Es normal que tomemos esta actitud cuando nos referimos a los negros, a los chicanos, a la guerra de Vietnam. Nuestras condiciones son absolutamente distintas y ese tipo de problemas no se presenta entre nosotros. Pero el de las mujeres…

No falta quien, cuando echa una mirada hacia aquel lado y enumera la lucha por la emancipación que cada minoría está emprendiendo y sosteniendo, añade, al repertorio, este nuevo núcleo de combatientes. Y si lo relaciona con México es sólo para aconsejar a nuestros políticos que se aprovechen del embrollo generalizado más allá de nuestras fronteras para sacar algunas ventajas.  Ya que el coloso está mostrando sus pies de barro pues a ver si somos tan listos y vendemos a mejor precio nuestro jitomate.

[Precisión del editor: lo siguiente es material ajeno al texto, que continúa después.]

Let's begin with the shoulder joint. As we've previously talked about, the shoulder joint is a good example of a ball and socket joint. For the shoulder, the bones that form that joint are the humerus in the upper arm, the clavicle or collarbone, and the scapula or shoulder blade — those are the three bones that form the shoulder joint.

Lo cual está muy bien. Pero no es suficiente.

Porque ocurre que, como dice Samuel Ramos, somos seres miméticos por excelencia. Y si hemos imitado todo lo demás, ¿por qué no hemos de imitar este movimiento? ¿Es que no hay mujeres entre nosotros? ¿Es que el sahumerio de la abnegación las ha atarantado de tal manera que no se dan cuenta de cuáles son sus condiciones de vida?

¿Es así como con la aparición de la Virgen de Guadalupe no se hizo nada semejante con otras naciones, aquí la naturaleza femenina es de tal índole que ha logrado la satisfacción de todas sus necesidades y la plenitud de todas sus potencialidades en la sociedad tal como está organizada actualmente? ¿Es que la dosis de su paciencia está garantizada para no agotarse jamás? ¿Es que son tan sensibles al ridículo que prefieren la abyección?

A mí no me gusta hacerla de profetisa pero ésta es una ocasión en que se antoja fungir como tal. (Aparte de que la profecía es uno de los pocos oficios que se consideran propios para señoras histéricas como su segura servidora.) Y yo les advierto que las mujeres mexicanas estamos echando vidrio acerca de lo que hacen nuestras primas y estamos llevando un apunte para cuando sea necesario. Quizá no ahora ni mañana. Porque el ser un parásito (que es eso lo que somos, más que unas víctimas) no deja de tener sus encantos. Pero cuando el desarrollo industrial del país nos obligue a emplearnos en fábricas y oficinas, y a atender la casa y los niños y la apariencia y la vida social y, etcétera, etcétera, etcétera, entonces nos llegará la lumbre a los pasajeros. Cuando desaparezca la última criada, el colchoncito en que ahora reposa nuestra conformidad, aparecerá la primera rebelde furibunda.


Excélsior, 5 de septiembre de 1970, pp. 6A, 9A.